(The problem) The reply should consist solely of the lines from the one that holds "Bild 21/33 von Mazda RX-7 (1993)" through the last line of the material, reproduced exactly; no pictures belong in it.

◆ ◆ ◆ ◆

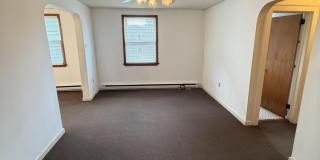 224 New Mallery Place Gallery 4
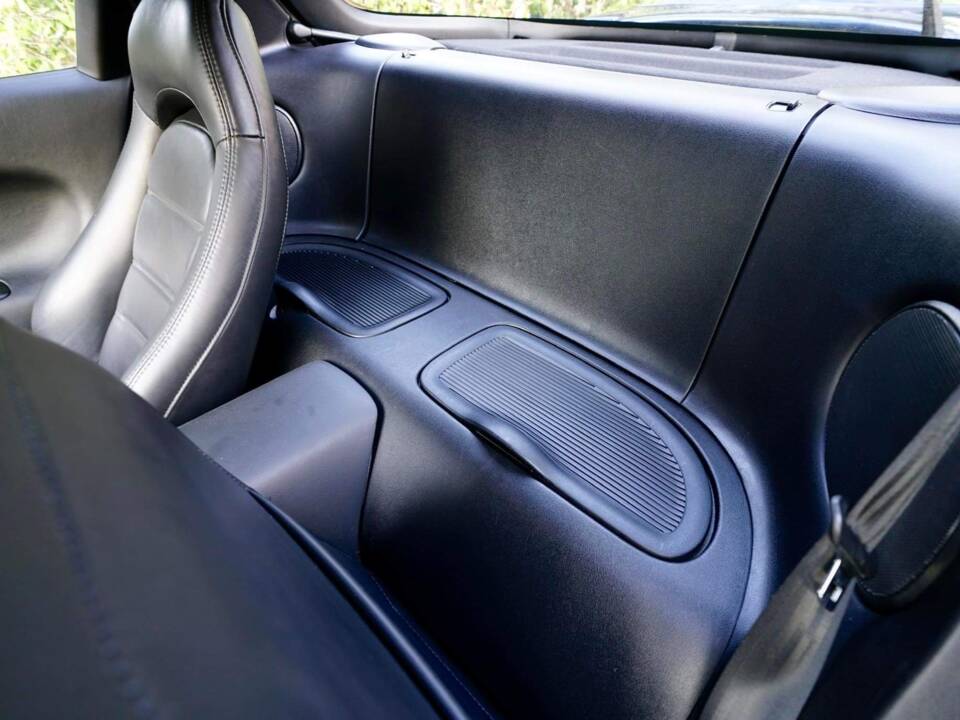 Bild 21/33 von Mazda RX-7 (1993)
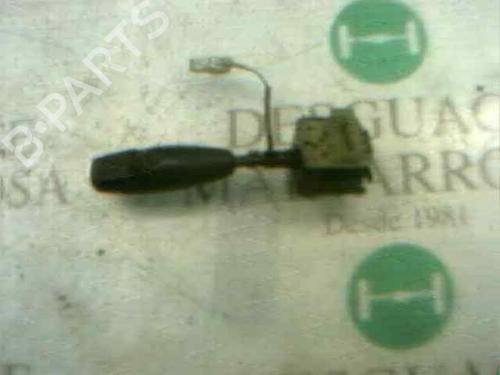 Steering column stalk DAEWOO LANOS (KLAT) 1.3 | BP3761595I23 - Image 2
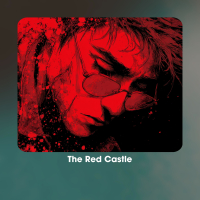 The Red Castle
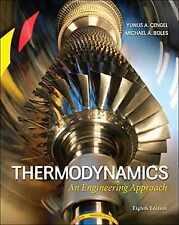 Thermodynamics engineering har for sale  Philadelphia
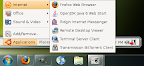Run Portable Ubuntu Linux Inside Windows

◆ ◆ ◆ ◆

(Output for this exercise)
 Bild 21/33 von Mazda RX-7 (1993)
 Steering column stalk DAEWOO LANOS (KLAT) 1.3 | BP3761595I23 - Image 2
 The Red Castle
 Thermodynamics engineering har for sale  Philadelphia
Run Portable Ubuntu Linux Inside Windows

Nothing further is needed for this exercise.